Given data:
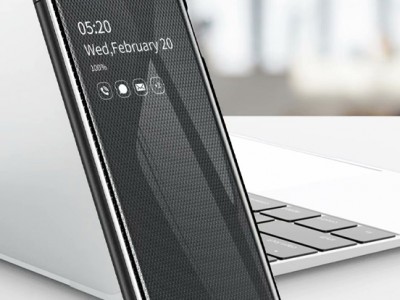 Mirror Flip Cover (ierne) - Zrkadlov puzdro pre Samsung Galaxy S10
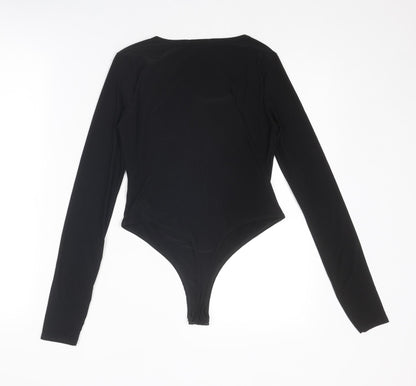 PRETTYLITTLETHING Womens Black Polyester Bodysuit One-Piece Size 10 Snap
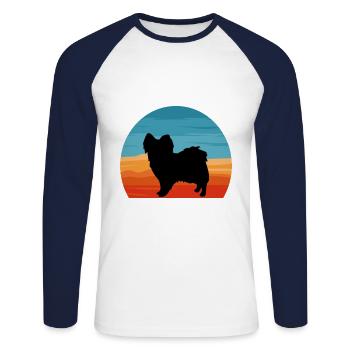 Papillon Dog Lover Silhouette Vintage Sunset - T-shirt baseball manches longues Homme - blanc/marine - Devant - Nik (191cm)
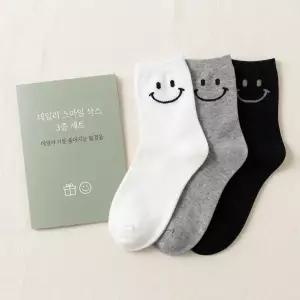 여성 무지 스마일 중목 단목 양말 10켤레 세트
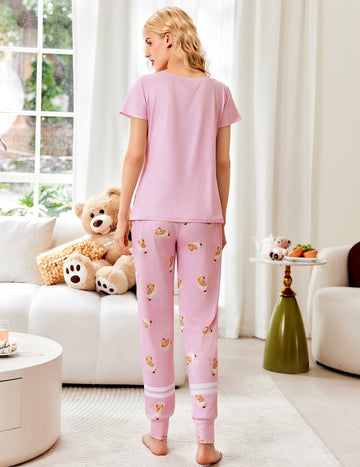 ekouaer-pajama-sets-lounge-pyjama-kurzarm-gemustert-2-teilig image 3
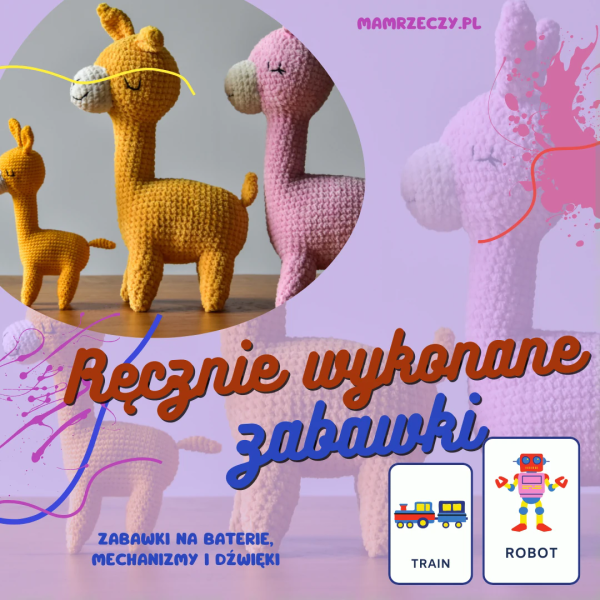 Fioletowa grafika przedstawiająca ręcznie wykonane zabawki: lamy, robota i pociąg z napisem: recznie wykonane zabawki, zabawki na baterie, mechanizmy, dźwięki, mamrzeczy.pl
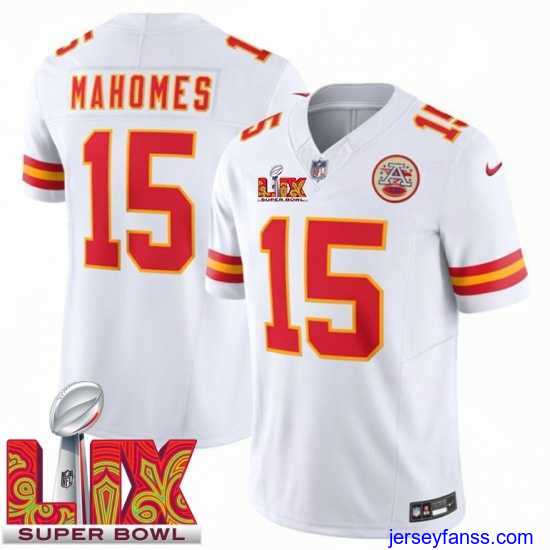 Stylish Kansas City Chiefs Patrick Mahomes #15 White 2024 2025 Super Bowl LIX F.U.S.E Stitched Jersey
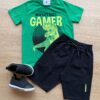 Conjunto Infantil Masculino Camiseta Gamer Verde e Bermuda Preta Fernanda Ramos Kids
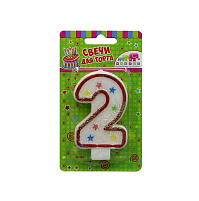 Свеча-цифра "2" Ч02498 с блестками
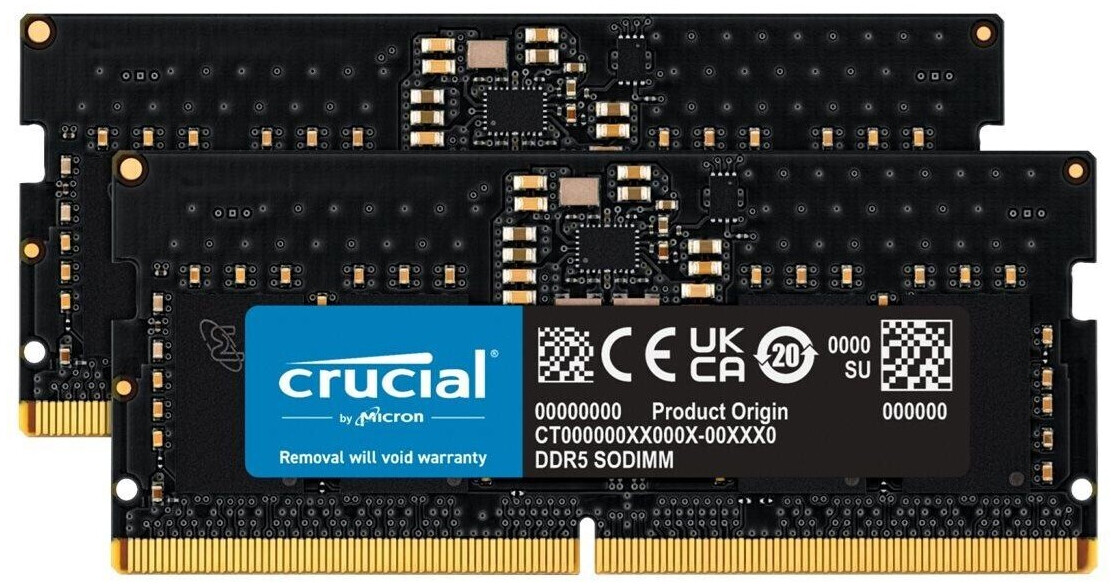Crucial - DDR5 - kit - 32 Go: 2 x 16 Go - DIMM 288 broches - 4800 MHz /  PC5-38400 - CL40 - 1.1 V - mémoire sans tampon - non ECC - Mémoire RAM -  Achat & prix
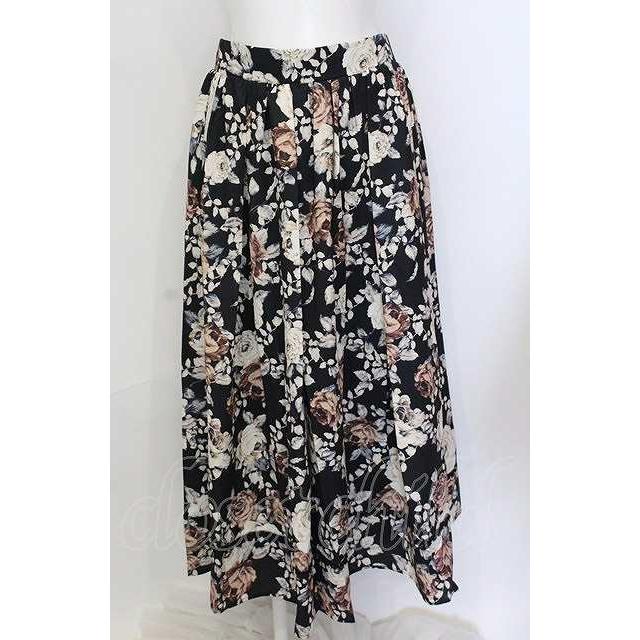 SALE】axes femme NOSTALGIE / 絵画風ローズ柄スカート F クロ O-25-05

Description of the task: An exact reproduction of the lines from the line containing "여성 무지 스마일 중목 단목 양말 10켤레 세트" through the end of the listing above is needed; pictures stay out.

Task response:
 여성 무지 스마일 중목 단목 양말 10켤레 세트
 ekouaer-pajama-sets-lounge-pyjama-kurzarm-gemustert-2-teilig image 3
 Fioletowa grafika przedstawiająca ręcznie wykonane zabawki: lamy, robota i pociąg z napisem: recznie wykonane zabawki, zabawki na baterie, mechanizmy, dźwięki, mamrzeczy.pl
 Stylish Kansas City Chiefs Patrick Mahomes #15 White 2024 2025 Super Bowl LIX F.U.S.E Stitched Jersey
 Conjunto Infantil Masculino Camiseta Gamer Verde e Bermuda Preta Fernanda Ramos Kids
 Свеча-цифра "2" Ч02498 с блестками
Crucial - DDR5 - kit - 32 Go: 2 x 16 Go - DIMM 288 broches - 4800 MHz /  PC5-38400 - CL40 - 1.1 V - mémoire sans tampon - non ECC - Mémoire RAM -  Achat & prix
 SALE】axes femme NOSTALGIE / 絵画風ローズ柄スカート F クロ O-25-05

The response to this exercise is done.